Friday, August 20, 2021

BIG, BIGGER & EVEN BIGGER

I'll caution you up front, this is another one of those "way back when" stories involving one of our trips to Japan in the mid-90s. While walking down the antique row in Kyoto we saw three wonderful tsubo in a window, big, bigger and even bigger is probably the best way to describe them, all three where Hagi and made by Yamato Yasuo. The biggest one measured almost 20" tall and equally as wide and had a tremendous sense of scale and volume with a animated surface of poured slip with a glaze over and quite a few areas of gohonde. Of course we fell in love with the biggest one and discussed purchasing it for the longest time, really until we were on a bus headed for the airport a week or so later but at the time couldn't figure out how to get it home or how to pay off the credit card bill!      

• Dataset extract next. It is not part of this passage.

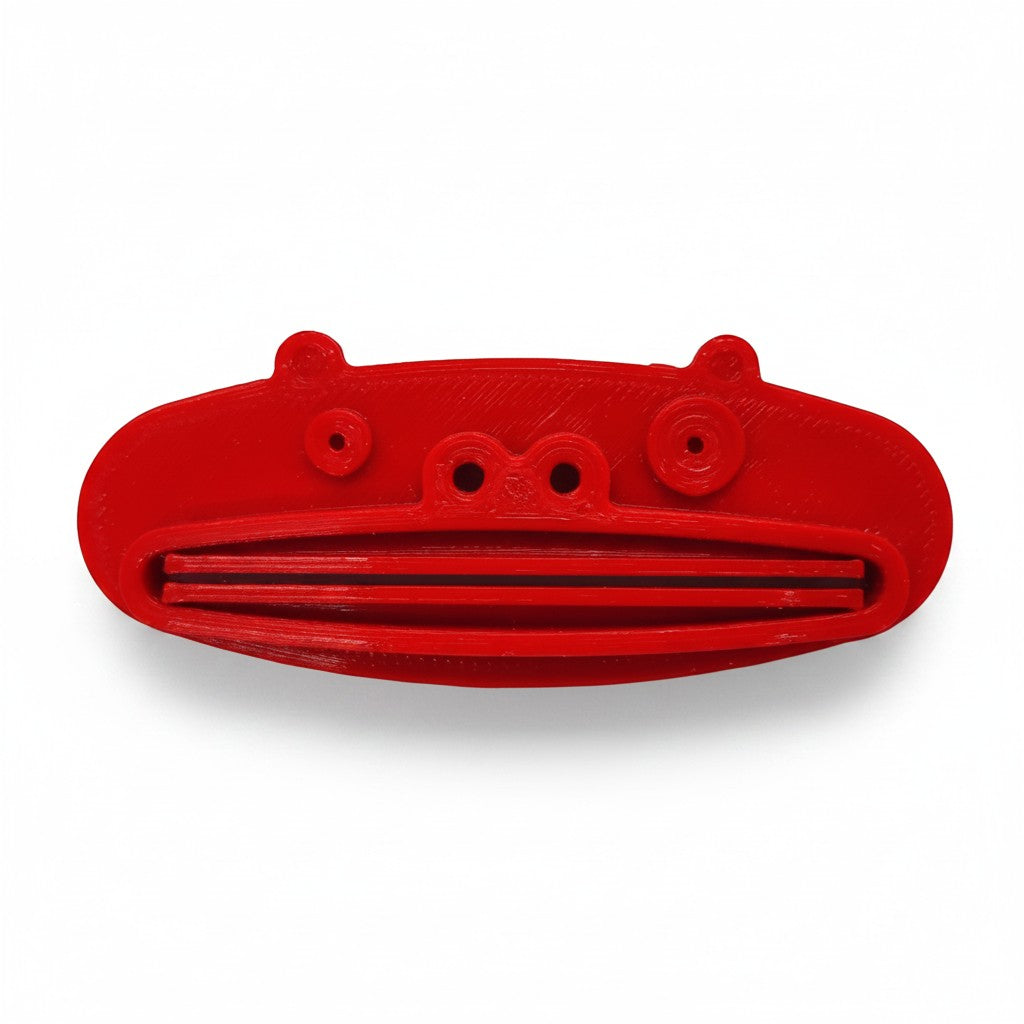 Magicland 3D red pig-shaped toothpaste squeezer with slots for dispensing.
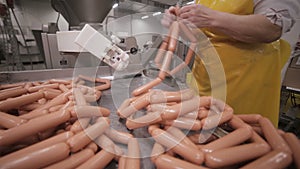 Sausages industrial production. Worker at a manufacturing plant.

All these years later by a chance encounter what should we encounter but another of these large Hagi tsubo covered in ladle poured slip and patches of gohonde. Did I mention this tsubo is large (by Japanese pottery standards) measuring just a bit over 18" by 18" and to the best of our recollection is pretty true to the original pot that set the spark way back when in the first place. The form has a rather palpable tension as the piece is the definition of volume to the point of appearing ready to burst held intact by the colored and animated surface creating a wonderful narrative landscape around the tsubo. This is perhaps not the best photo of this pot but due to the size it was rather impractical to try to photograph in the space I currently use which is only 16" tall but I think the general idea of the pot is there to see, in other words this is the picture I took and the one you get, for now.